こういったミスでSECRET_KEYなどが流出するとセキュリティインシデントに繋がりますね。

この記事では一番最悪な「SECRET_KEYなどがcommitされた履歴がpushされてしまった」という事態の対策として、「git上での履歴の削除方法」と「リモートリポジトリ上の履歴の削除方法」を解説します。


パスワードの変更

まずはパスワード/SECRET_KEYを今すぐ変更しましょう。

対応が遅れてしまうと、たったの13分で不正利用されてしまうそうです。

パスワードさえ変えてしまえば、ひとまずアクセスされることはありません。


gitでの履歴の削除(上書き)

一番シンプルな方法は次の通りです。



  1. git logを用いてどのcommitからSECRET_KEYがバージョン管理されたかを調べる

  2. n個前のcommitと判明したらgit reset --soft HEAD^*nを実行する(^がn個)


  3. git ls-tree <branch名>としignoreしたいファイルがtrackingされてるか確認

  4. もし3でtrackingされている場合git rm --cached <ファイル名>でtrackingから外す


  5. .gitignoreにちゃんとSECRET_KEYの含まれるファイルを記述する

  6. 改めてcommit

簡単に言えば、SECRET_KEYがないところまでcommitをなかった事にし、改めてignoreした後commitし直す、という事です。

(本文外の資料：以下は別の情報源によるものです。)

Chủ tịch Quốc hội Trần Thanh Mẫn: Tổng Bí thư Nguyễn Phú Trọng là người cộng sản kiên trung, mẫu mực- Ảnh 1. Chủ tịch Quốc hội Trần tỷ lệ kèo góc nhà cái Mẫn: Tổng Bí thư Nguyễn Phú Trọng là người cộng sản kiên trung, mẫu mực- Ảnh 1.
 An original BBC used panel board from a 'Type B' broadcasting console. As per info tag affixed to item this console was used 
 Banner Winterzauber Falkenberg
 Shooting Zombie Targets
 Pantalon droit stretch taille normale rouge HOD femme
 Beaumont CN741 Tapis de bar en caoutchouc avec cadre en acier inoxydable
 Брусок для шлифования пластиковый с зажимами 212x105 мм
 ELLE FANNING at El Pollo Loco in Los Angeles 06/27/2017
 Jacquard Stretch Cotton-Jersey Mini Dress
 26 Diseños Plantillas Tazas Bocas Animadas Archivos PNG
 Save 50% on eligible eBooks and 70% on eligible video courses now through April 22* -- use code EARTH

git reset --softでファイルの変化はそのままcommit履歴だけなくすことができるのがミソになっています。

ちなみにgit reset --soft HEAD^*nの代わりにgit reset --soft HEAD~nでもできるようです。

# 以下は同じ

$ git reset --soft HEAD^^^^^
$ git reset --soft HEAD~5

もし複数のbranchでSECRET_KEYが入ったファイルがtrackingされている場合は各branchごとに行えば良いです。

commit履歴を綺麗にしたい場合は、6の時点でcommitをファイルごとに分割しながらやれば良いかと思います。


リモートリポジトリでの履歴の削除(上書き)

こちらは簡単です。

上述したようにgitでの履歴削除を行った後、pushする際にforce pushを行えば、gitでの履歴変更でGitHub上のものも上書きされます。

git push -f --allとしましょう。

もし複数のbranchでpushされている場合は、現状の進捗だけ別のbranchにmergeしておき、GitHub場で該当branch以外を削除すれば良いです。(少なくともGitHubでは)削除されたbranchは参照できなくなるようなのでこれで最低限の問題は解決するでしょう

チーム運用?ごめんなさいわからないです...。


再発防止

もう大丈夫と思っても人はミスはしてしまいます。

なので、git-secretsを設定しておくと再発を防止できます。


終わりに

force pushはご法度という雰囲気が界隈にはありますが、適材適所だと思っています。

チーム開発でgit運営は経験が0なのでごめんなさいって感じです。

個人開発レベルならこれで良いかと思います。

そもそもこんな単純なミスしなければ良いというだけの話ですね、よく気をつけましょう。